The decision of Lam J. in Re Lee Priscilla Hwang  5 HKLRD 634 considers the question of locus standi to bring an application for validation of section 42 payments and shows that the Court will not entertain lightly any such application for validation, and will even dismiss the application, if it considers that not all interested parties were made parties to the application.
A bankruptcy petition was presented against Priscilla Lee (“PL”) on 27 May 2009 and served on her on 1 June 2009. The bankruptcy order was made on 31 August 2009. Between the date of presentation of the bankruptcy petition and the making of the bankruptcy order, payments totalling approximately HK$1.63 million (according to PL’s own calculation) were made by OCHKL, a company of which PL was a director, directly to third parties. OCHKL purported to set off these payments against a loan of HK$5 million made by PL in February 2009. PL claimed that OCHKL had paid certain expenses on her behalf as her agent to third parties.

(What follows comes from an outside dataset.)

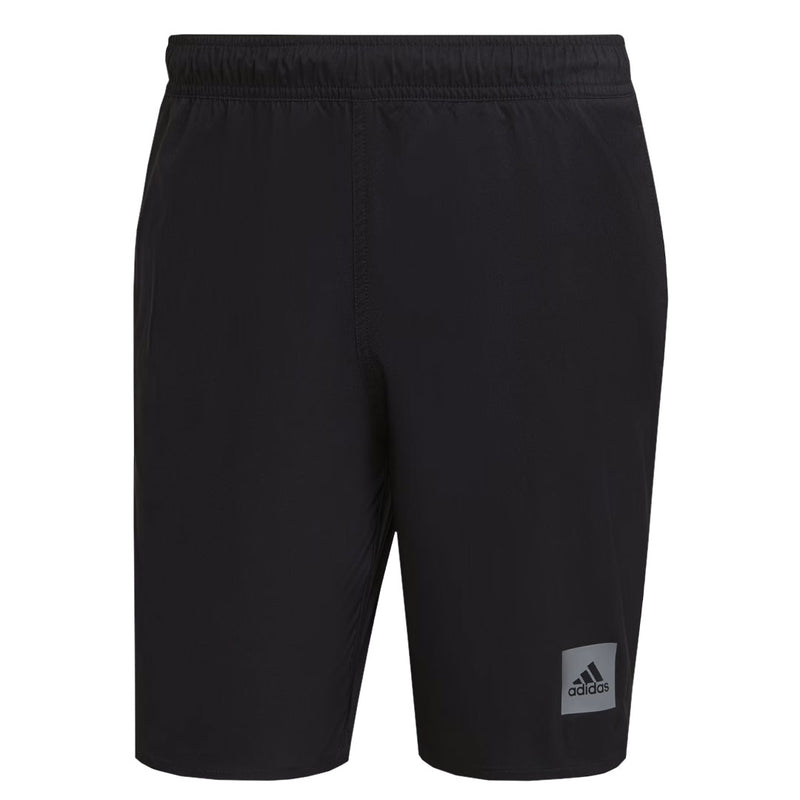 adidas - Short de bain uni longueur classique pour homme (HC8558)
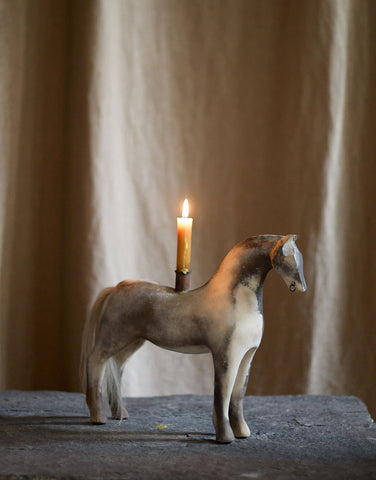Bougeoir cheval d'Eloïse Van der Heyden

PL sought to validate the HK$1.63 million payments under section 42 of the BO, arguing that there was no relevant disposition in favour of OCHKL to which section 42 applied. The application was opposed by PL’s Trustees in Bankruptcy.
Arguments put forward by PL in support of her validation application
PL tried to argue that her HK$5 million loan to OCHKL was in substance a “prepayment of personal expenses” and that OCHKL had acted as PL’s bank or agent in making those payments.
Relying on the English Court of Appeal decision in Hollicourt (Contracts) Ltd (in liq) v Bank of Ireland  Ch 555 (which held that the bank would not be liable in relation to payments in and out of an account in credit, as the bank’s role was merely that of an agent or part of the process by which dispositions were made), PL tried to argue that the only disposition falling within the scope of section 42 of the BO was the payments to the third parties and that there was no relevant disposition in favour of OCHKL that attracted the application of section 42.
Arguments put forward by the Trustees against validation of payments
The Trustees argued against validation of the payments on the basis that:-
PL had no locus standi to make the validation application on the basis that all rights of action which relate directly to the bankrupt’s estate pass to the trustees upon bankruptcy and the only rights of action which remain with the bankrupt are actions which are personal in nature, such as actions relating to personal injury, personal inconvenience or damage to reputation. Accordingly, PL had no interest in the property in her estate and the result of the validation application would have no effect whatsoever on her financial position.
There was no contemporaneous evidence to show that OCHKL acted as the agent of PL as alleged.
OCHKL was simply a third party who agreed to pay certain expenses on behalf of PL. Whilst OCHKL was free to agree with PL that it would pay expenses on her behalf, section 35 of the BO operated to ensure that no set off against PL’s loan was available after OCHKL received notice of the bankruptcy petition on 1 June 2009. Accordingly, the Trustees argued that any payments made by OCHKL on behalf of PL after 1 June 2009 would be made at its own risk.
The Court dismissed PL’s validation application on the basis that the application was not properly constituted.
The Court found that neither OCHKL nor the third party payees were made parties to the application. The Court said this was no mere technical objection. This is because the third party payees might contend, as the Trustees did, that they had been paid by a separate person, i.e. OCHKL, who was not acting as PL’s agent and that the payments they received were not caught by section 42 of the BO and that they were not at risk of having to repay any sum to the Trustees.
The Court ruled that PL had no financial interest in the outcome of the application and thus had no standing to seek ratification of the payments made. In fact, the Court went as far as to rule that PL appeared to be seeking some sort of reputational redress and that this was not a proper basis for the application.
The Court’s decision shows that unless the applicant seeking section 42 validation has proper standing in making the application (and is not using the application for an ulterior purpose) and that all proper parties are made party to the application, the Court may not entertain any substantive arguments which the applicant might put forward and will dismiss the application outright on the basis that it was not properly constituted.